Chief medical officer, Community Care Collaborative



Dr. Mark Hernandez is the chief medical officer for Community Care Collaborative. CCC is described as "a multi-institutional, multi-provider system of health care envisioned to provide a coordinated continuum of services to a defined patient population" for Travis County on its website, www.communitycarecollaborative.net.



The primary mission of CCC, Hernandez said, is to provide integrated delivery health care to uninsured and underinsured Travis County patients.



Hernandez graduated from the Baylor College of Medicine in 2003 and completed his residency in internal medicine at University Medical Center Brackenridge.



In 2011 he was appointed medical director for the UMCB hospitalist group and the hospital ambulatory clinics. Hernandez holds academic appointments with The University of Texas, Southwestern University and the UT Medical Branch.

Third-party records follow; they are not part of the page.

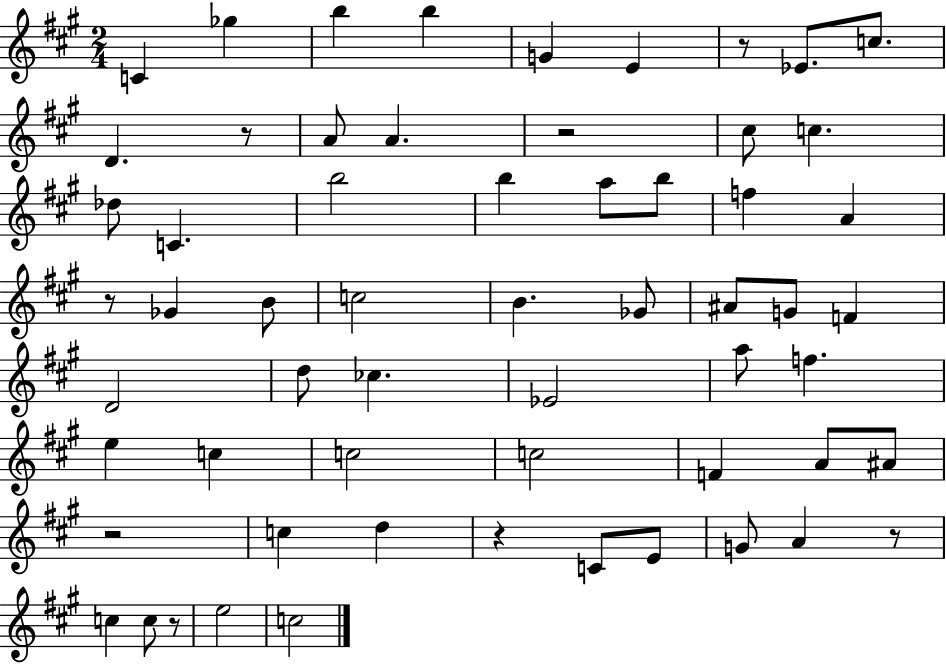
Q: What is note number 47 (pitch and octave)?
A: G4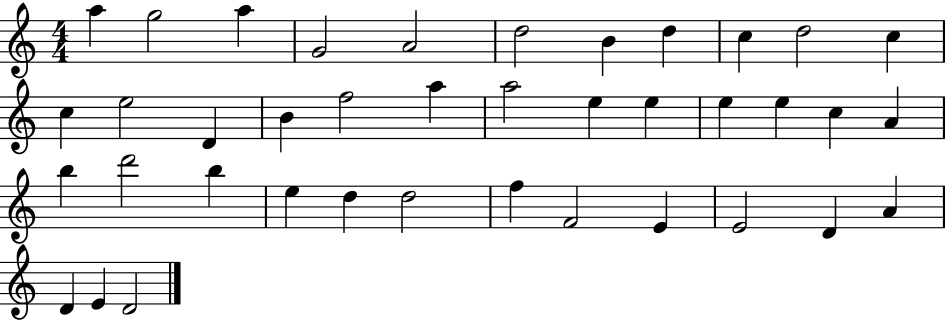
X:1
T:Untitled
M:4/4
L:1/4
K:C
a g2 a G2 A2 d2 B d c d2 c c e2 D B f2 a a2 e e e e c A b d'2 b e d d2 f F2 E E2 D A D E D2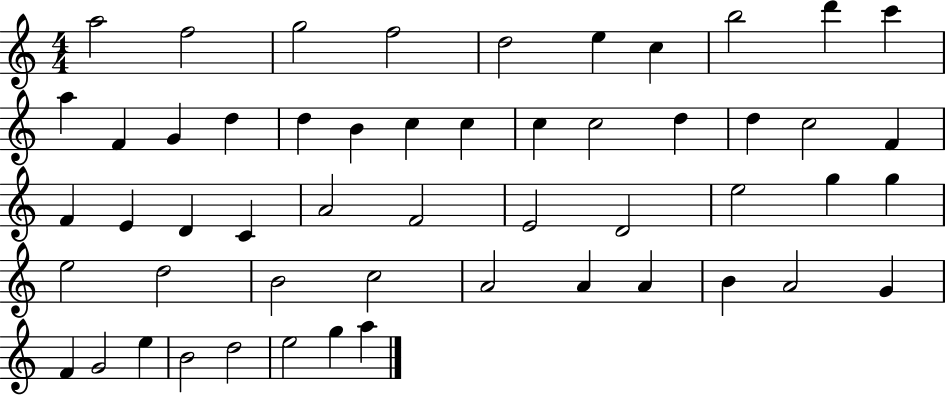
X:1
T:Untitled
M:4/4
L:1/4
K:C
a2 f2 g2 f2 d2 e c b2 d' c' a F G d d B c c c c2 d d c2 F F E D C A2 F2 E2 D2 e2 g g e2 d2 B2 c2 A2 A A B A2 G F G2 e B2 d2 e2 g a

What is integrated delivery?



Integrated delivery is simply taking into account all those other pieces of health care and making sure that to the consumer of health care, the system is seamless. What we don't want is more complexity in an already complex situation. What we want to do is create connections between all the various elements of health care—whether that's transportation, whether that's the facility, whether that's education for the patient—so that they can be empowered and able to care for themselves in a home or work environment. And we need to do all that in seamless fashion so that to the patient, it seems that they only engage in one health care system.



How does that occur?



... It's not necessary for consumers to know how much work is happening on the other side of the curtain to make the experience for them seamless. It only matters that it's seamless. So a lot of the work that we're doing in the collaborative is working on that back end.



Who are your primary patient groups?



We work inside a particular space, which is the unfunded and underfunded, but the lessons learned and the systems built will work just as well in commercial and Medicare populations. As we gain success with the work we're doing, I expect that that work will begin to bleed over into the commercial sector because those challenges are the same regardless.



How will integrated delivery work for commercial and Medicare populations?



Everything we're doing over here with the uninsured and underinsured holds true for those patients who have the same illnesses, the same afflictions, the same challenges in the underinsured population.



How is the Community Care Collaborative funded?



Frankly, we provide that care through organizations that provide charitable dollars and through tax funds. So Central Health taxes all property in Travis County and uses those tax dollars specifically to care for the uninsured and underinsured. Through the collaborative, those dollars are in a common bucket, and we use those dollars to purchase care for the uninsured and underinsured. We know that bucket of money will not grow infinitely; it's not going to grow to whatever the need is. And yet the need is huge—we had 211,000 uninsured people in Travis County in 2012. About 135,000 of those people were uninsured and living at 200 percent or less of the U.S. poverty level, so there's a lot of need.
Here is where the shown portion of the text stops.